Koçlu açıklamasının devamında hapishanelerde 235'i ağır hasta olmak üzere 642 hasta tutsağın tedavisinin engellendiğini ifade etti. Pek çok tutsağın tahliye edilmesi gerekirken tecrit duvarları arkasında ölüme terk edildiğini belirtti.
Şakran Hapishanesi’nde Haziran direnişi tutsaklarının kazanılmış haklarını elde tutmaya yönelik mücadeleleri ve ilerici devrimci güçlerin yarattığı kamuoyu sonucunda bazı koşullarda yaşanan değişiklikleri hatırlatan Koçlu, Evrim Erdoğdu’nun yaşadığı sağlık sorunları hapishane yönetiminin baskılarını şöyle özetledi:
“Evrim Erdoğdu da kronik bronşit astım hastalığı yüzünden geçirdiği kriz ardından hem hastalığı hem de onun tetiklediği sol bacak-kalp şikayetlerinden kaynaklı yapılan hastane sevklerinin 37 derece sıcakta ringle yapılıp hastane mahkum koğuşundaki havalandırmasız, camsız, tuvaletsiz sigara kokan koşullarda bekletilmesinden kaynaklı Yeşilyurt Eğitim Araştırma Hastanesi'ne götürüldüğü zaman astım krizi geçirip acile kaldırılmıştır. Bu uygulama tedavinin engellenmesi ve sağlığın kötüleşmesi anlamına gelmektedir. Bugün Şakran Hapishanesi'nde Evrim Erdoğdu'nun yaşadığı sorunları aktarıyoruz. Ancak birçok cezaevinde devrimci, ilerici tutsakların aynı uygulamalara karşı seslerini yükselttiklerini biliyoruz. Bu saldırılara karşı topyekûn bir karşı çıkış zorunludur. Bizler buradan demokratik kitle örgütlerini, sendikaları, devrimci ilerici yapıları devrimci kamuoyunu hapishanelerde süregiden baskı ve keyfi uygulamalara karşı, hasta tutsakların tedavi edilmeleri için ses çıkarmaya ve duyarlı olmaya, tutsakların sesine ses katmaya çağırıyoruz. Hapishanelerde bulunan tüm hasta tutsaklar derhal serbest bırakılmalıdır. Hapishanelerde yaşanacak ölümlerden Adalet Bakanlığı ve cezaevleri sorumludur.”

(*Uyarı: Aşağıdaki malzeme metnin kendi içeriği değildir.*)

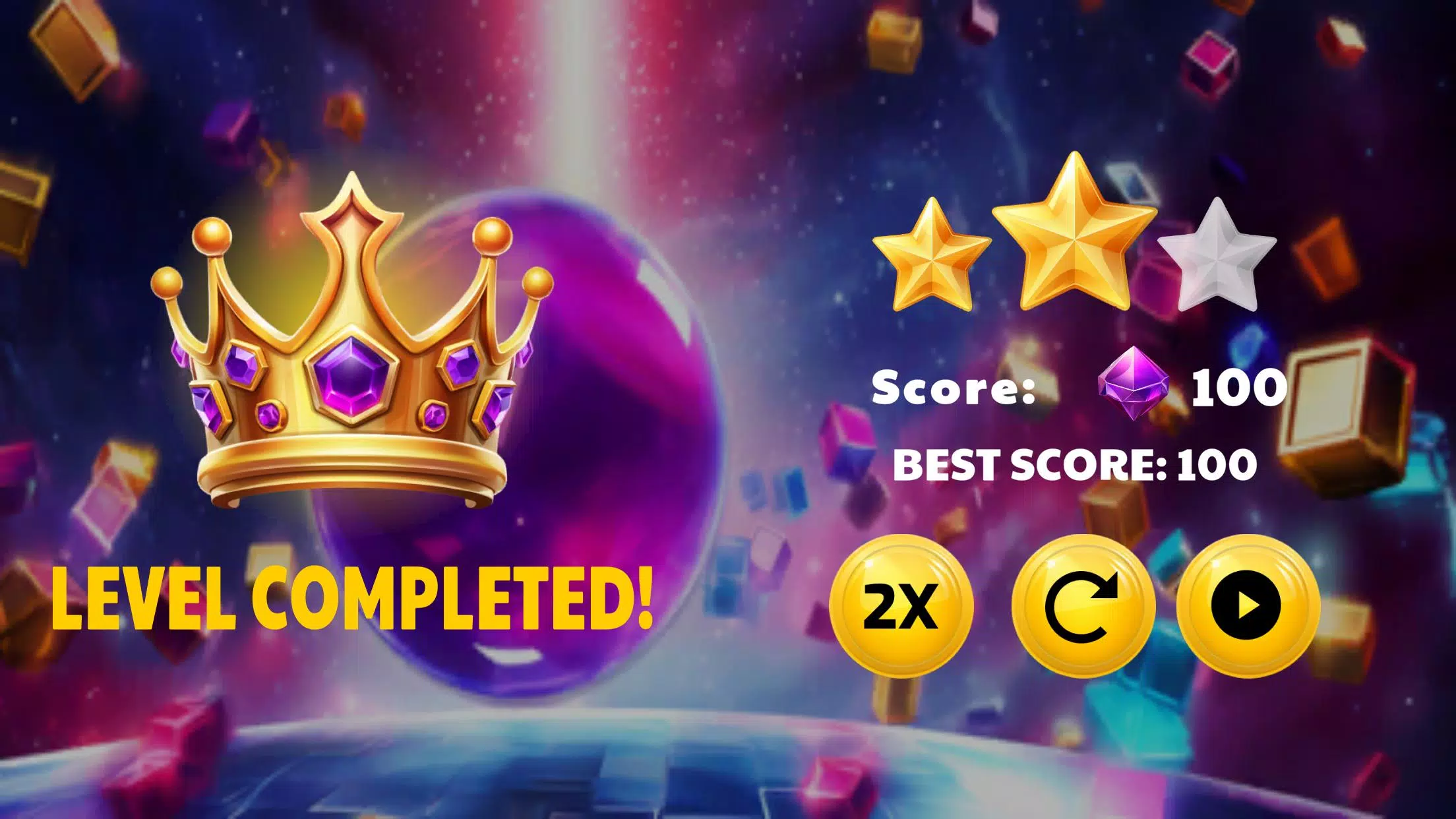 Schermata Ball Juggle Master 2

“Hasta tutsaklar serbest bırakılsın!”
Basın açıklamasının ardından Evrim Erdoğdu’nun görüşçüsü Ayla Subaşı konuştu. Subaşı konuşmasına Evrim Erdoğdu’nun 2 Temmuz günü tutuklanıp hapishaneye götürülüş sürecini anlatarak başladı. Erdoğdu'nun, hapishanede ilk gün su verilmeden bir hücrede bekletildiğini daha sonra koğuşa götürüldüğünü söyleyen Subaşı, koğuşa götürüldüğünde astım krizi geçiren Erdoğdu'nun hastaneye ambulansla götürülmeyip ring aracı ile götürüldüğünü ifade etti. Subaşı konuşmasında başta Evrim Erdoğdu olmak üzere tüm hasta tutsakların hastaneye tedavi için götürülürken ring ile değil ambulansla götürülmesi gerektiğini söyleyerek ağır hasta tutsakların serbest bırakılmasını talep etti.

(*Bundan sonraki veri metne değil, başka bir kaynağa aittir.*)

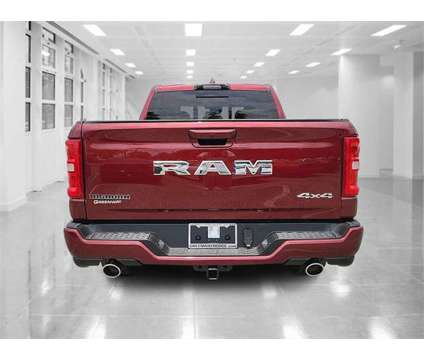 2025 Ram 1500 Big Horn/Lone Star is a Red 2025 RAM 1500 Model Big Horn Car for Sale in Orlando FL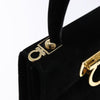 Secondhand Salvatore Ferragamo Convertible Top Handle Bag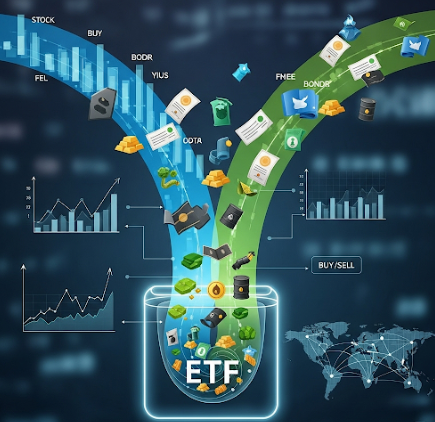 KODEX AI전력핵심설비(487240) ETF 특징, 배당(분배금), 수익률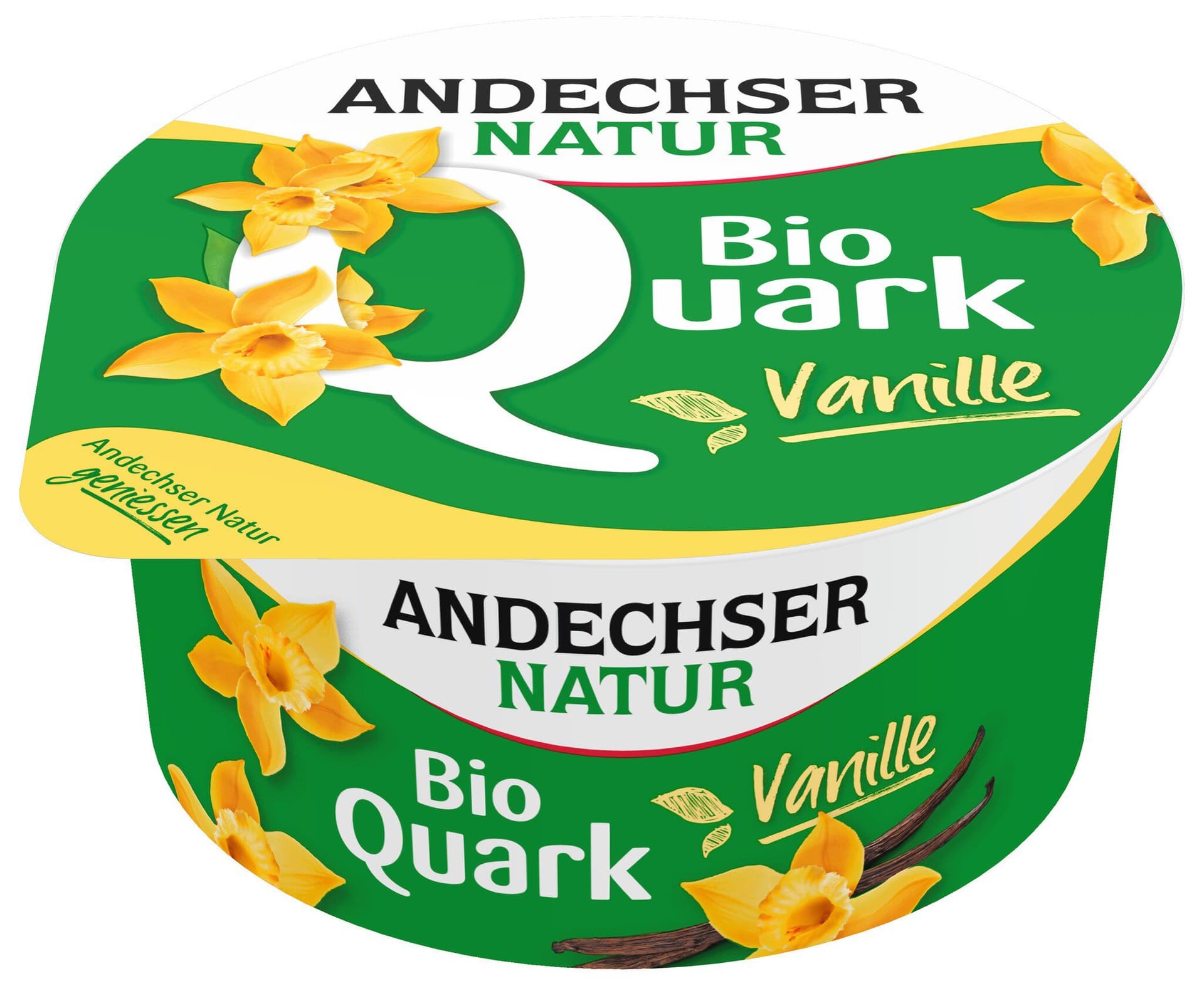 Andechser Natur Fruchtquark Vanille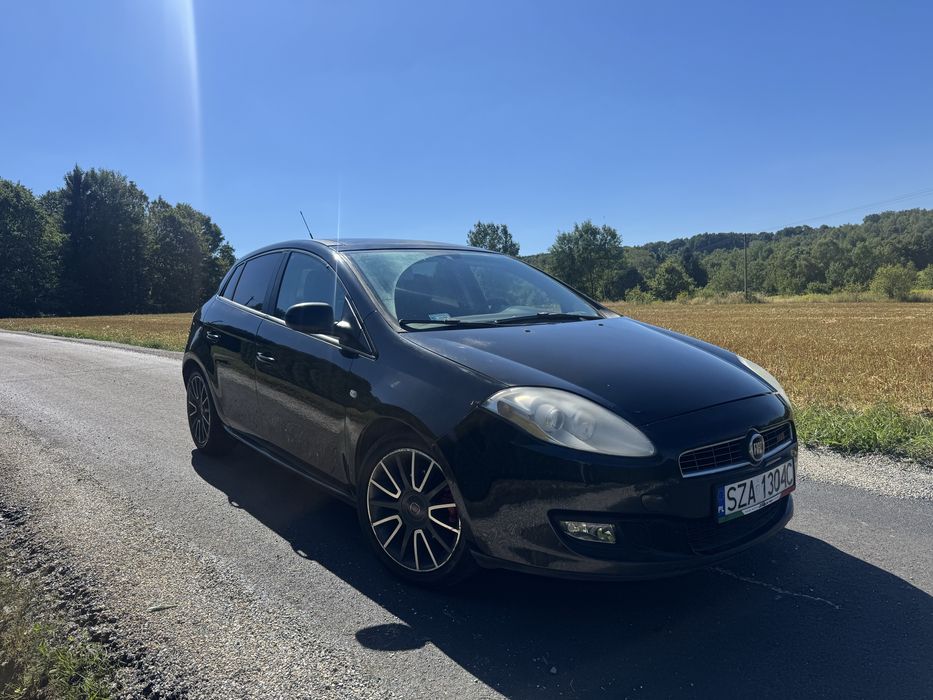 Fiat Bravo 1.4 Turbo! 1.4 T-JET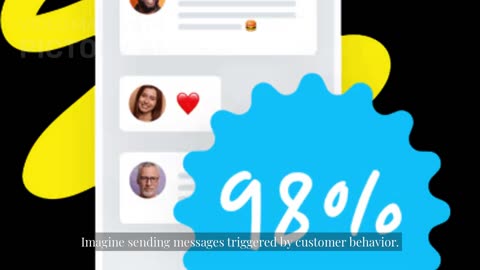 Drive 98% Open Rates with SMS Marketing Automation | GetResponse SMS Tool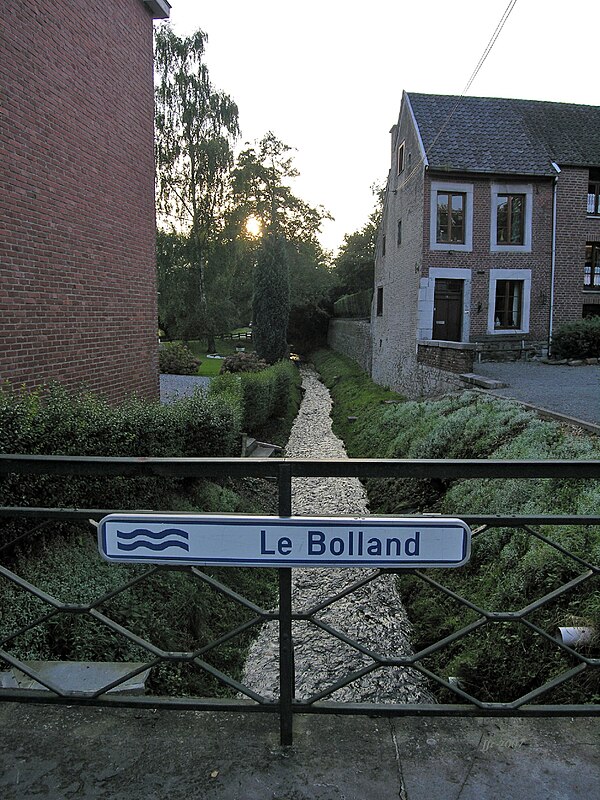 Ruisseau de Bolland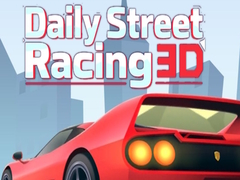 খেলা Daily Street Racing 3D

İHD: Tutsaklar yalnız değildir
Toplantıda İHD adına konuşan Caner Canlı, hasta mahpusların sorunlarının gün geçtikçe büyüdüğünü söyledi. 200’den fazla ağır hasta tutsak olduğunu ve bu mahpusların tahliye edilmesi gerektiğini belirten Canlı, ellerinde adli tıp raporları olduğu halde ağır hasta tutsakların halen hapishanelerde tutulmasının insan haklarına uymadığını vurguladı. İHD olarak Ankara’da eylemler yaptıklarını, TBMM ve partilerle görüştüklerini ama halen hapishaneleri ve hasta mahpusların durumlarıyla ilgili bir adım atılmamasını eleştirdi. Canlı, konuşmasını doktorlara seslenerek bitirdi. Canlı şöyle konuştu:
“Siz doktorlar olarak elleri kelepçeli olarak mahpusları muayene etmeyin. Bu insan haklarına aykırıdır. Devrimci birçok tutsak kelepçeli olarak hastaneye götürüldükleri için muayene olmayı kabul etmiyorlar ve bu yüzden tedavi olmadan geri gidiyorlar. Biz doktorlar olarak elleri kelepçeli gelen mahpusları muayene etmek istemiyoruz demelisiniz. Devrimci tutsakların iradesini teslim alamayacaksınız. Devrimci tutsaklar yalnız değildir.”
Basın toplantısında son olarak, Gezi sürecinde tutuklanan ve 5 aylık tutsaklığın ardından tahliye edilen Burcu Koçlu konuştu. Koçlu, Şakran Hapishanesi’nde direniş tutsağı olarak 5 ay kaldığını söyledi. Hasta tutsak olarak hapishanede kaldığını ve bu süre içerisinde yaşadığı sorunlardan bahsetti. Koçlu tedavi için hastaneye gittiği süreçlerde ring ile götürüldüğünü belirtti. Ring aracında işkencenin olduğu, psikolojik ve fiziksel saldırıların olduğunu ifade etti. Koçlu kendisinin hasta tutsak olarak dışarısının eylemlilik ve dayanışması sonucu tahliye edildiğini belirterek tutsaklarla dayanışmanın önemine vurgu yaptı.